#### [Task to carry out]
Return the listing below unchanged, but without pictures.

──────────

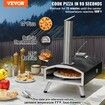 Outdoor Pizza Oven 12" Wood Fired Pizza Ovens Pellet Pizza Stove w/ Built-in Thermometer Heat to 540 degreeC with Thickened Cordierite 210 degree Rotating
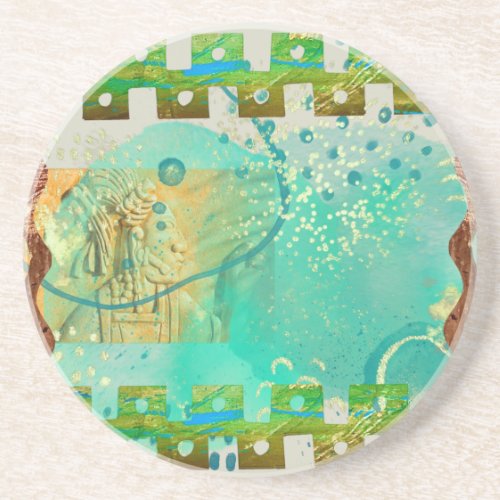 Mayan Turquoise  Gold Mexican Boho Coaster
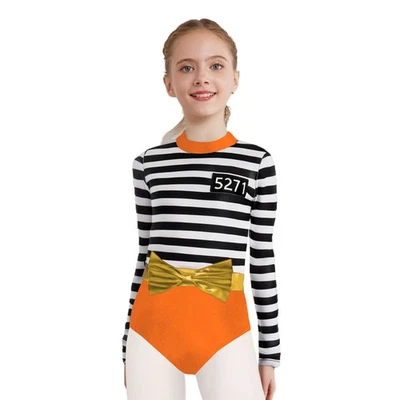 Kids Girls Costume Criminal Bodysuit Movie Character Jumpsuit Theme Mock Neck - Image 1 of 4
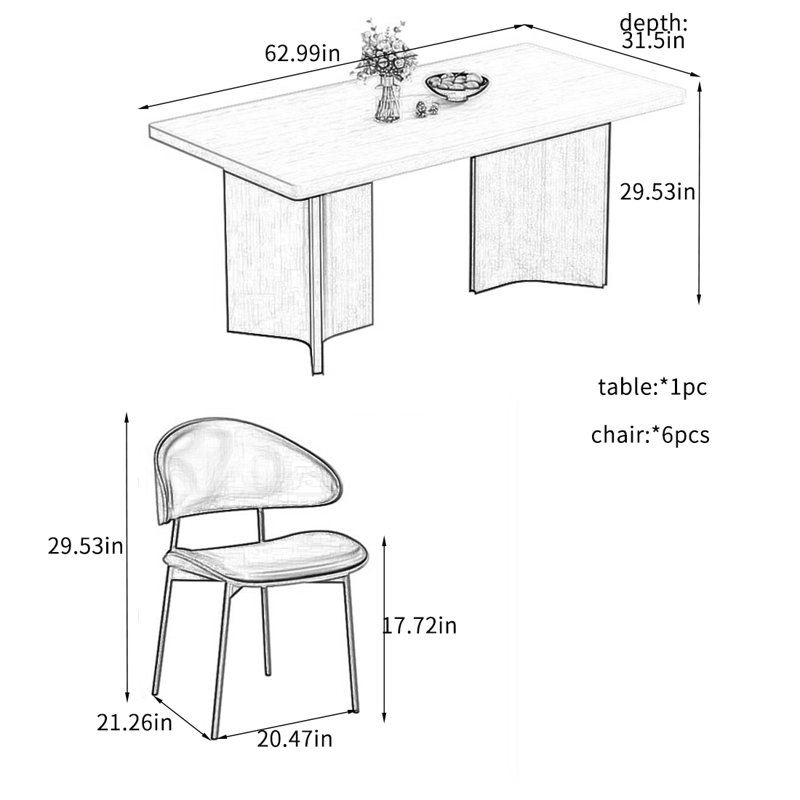 Durable Rock Plate Dining Table Sets., 29.53"H x 62.99"L x 31.5"W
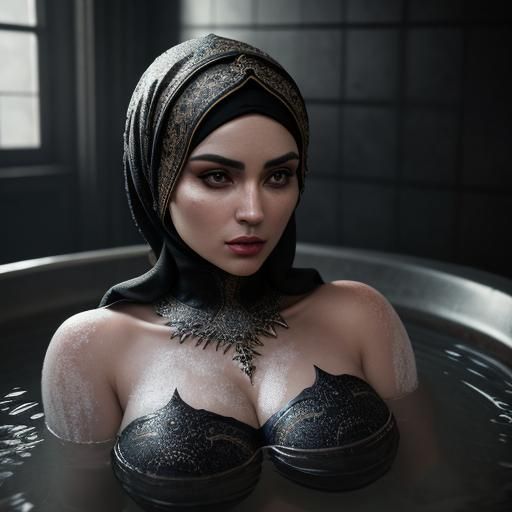 Woman with Hijab Taking a Bath, Realistic 8K Render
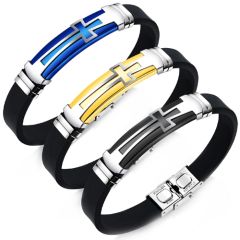 **COI Titanium Black/Gold Tone/Blue Silver Cross Bracelet With Steel Clasp(Length: 7.87 inches)-9440AA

──────────

#### [Response area]
 Outdoor Pizza Oven 12" Wood Fired Pizza Ovens Pellet Pizza Stove w/ Built-in Thermometer Heat to 540 degreeC with Thickened Cordierite 210 degree Rotating
 Mayan Turquoise  Gold Mexican Boho Coaster
 Kids Girls Costume Criminal Bodysuit Movie Character Jumpsuit Theme Mock Neck - Image 1 of 4
 Durable Rock Plate Dining Table Sets., 29.53"H x 62.99"L x 31.5"W
 Woman with Hijab Taking a Bath, Realistic 8K Render
 **COI Titanium Black/Gold Tone/Blue Silver Cross Bracelet With Steel Clasp(Length: 7.87 inches)-9440AA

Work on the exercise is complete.